Habtamu Alemu, 43, cultivates maize and wheat, among other crops, on six hectares of land he inherited from his father, near Gore town, located south of Metu in the Illu Aba Bora zone of the state of Oromia. He used to be able to grow up to 30 quintals of maize and 38 quintals of wheat per hectare. But his productivity declined by almost 100pct.
Hatamu, who didn’t understand the reason for the decline in productivity, used fertilizer to try and reverse the situation, but to no avail. “Urea and DAP worked only during the first years. Gradually the farms started growing only unusual weeds, rather than the normal crops I used to grow. I’ve now left farming for grazing and a coffee plantation. I buy crops from the market to feed my family. Many farmers in our woreda have complained to the agriculture bureau, but every year they are forced to buy the fertilizer.”

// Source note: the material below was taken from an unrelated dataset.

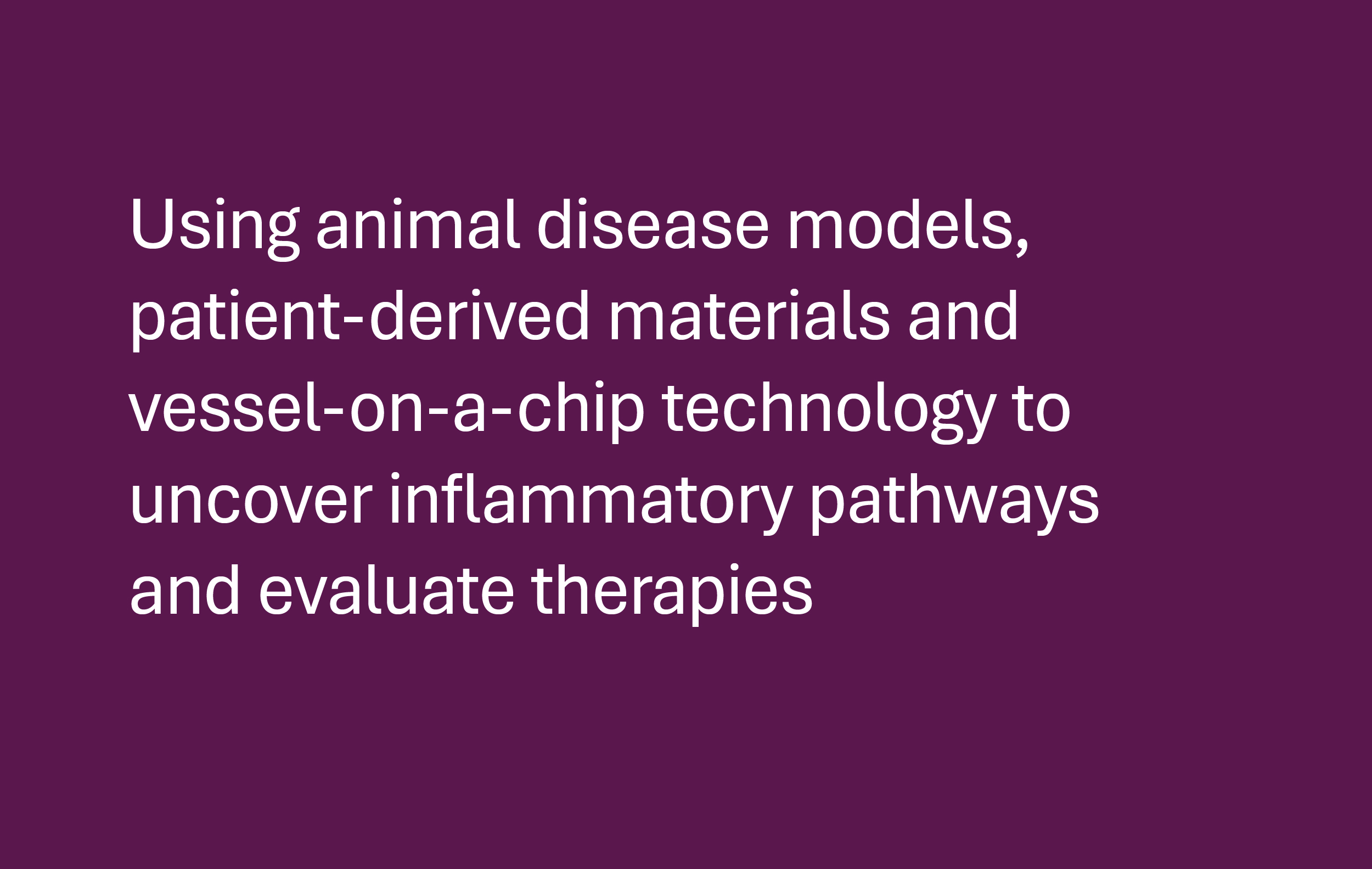 Vascular Research Initiative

A study conducted a little more than a decade ago in the area where Habtamu lives showed that the decline in productivity is linked with soil acidity. According to studies conducted on the subject, soil acidity affects root development, which leads to reduced nutrient and water uptake. Acidic soils are also deficient in essential plant nutrients such as potassium, calcium and magnesium, among others.

But Hatamu was not the only one affected by soil acidity. In fact, soil acidity is now becoming a serious threat to farmers who cultivate crops in many parts of Ethiopia. Currently, 40.9Pct of the total arable land (around 16 million hectares) in the country is estimated to be affected by soil acidity. Out of the total affected arable land, 13.2Pct has already become infertile.

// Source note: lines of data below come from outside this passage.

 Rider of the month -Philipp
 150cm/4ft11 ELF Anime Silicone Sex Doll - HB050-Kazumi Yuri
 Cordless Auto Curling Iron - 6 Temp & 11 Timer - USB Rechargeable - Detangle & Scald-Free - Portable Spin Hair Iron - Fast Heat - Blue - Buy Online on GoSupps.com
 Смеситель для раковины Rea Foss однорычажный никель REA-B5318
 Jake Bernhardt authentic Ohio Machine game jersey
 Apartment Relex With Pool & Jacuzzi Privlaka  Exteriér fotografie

But this is only based on a study undertaken 11 years ago. “The acidity level is probably higher now, since soil science is dynamic,” said Fasil Kebede (Prof), director general of the Ethiopian Soil Resource Institute, which is currently under establishment.

The level of soil acidity and the extent to which it has affected production have not been studied in recent years. Ethiopia’s first compiled study on soil acidity was published in 1989, and was later revised and published in 2007 by Mesfin Abebe, a renowned soil scientist, under the title “Nature and Management of Acid Soils in Ethiopia”. All institutions, including the Ministry of Agriculture, Livestock and Fishery (MoALF), Agricultural Transformation Agency (ATA), universities and experts use this pioneer research as a reference. Meanwhile, the ATA, which is currently undertaking a study to determine the level of soil acidity as part of the national soil information map, has yet to finalize its work.

Although outdated, the available research indicates that the acidic belt extends from the south-west to the north-west with east-west distribution while the 13.2Pct that has already become infertile is largely distributed in the states of Gambela and SNNP as well as Oromia, areas known as the coffee belt. According to the policy brief presented by ATA three months ago, soil acidity affects up to 6.5 million hectares of Ethiopia’s agricultural land in six regions and two administrative cities, of which 3.7 million hectares is in the state of Oromia.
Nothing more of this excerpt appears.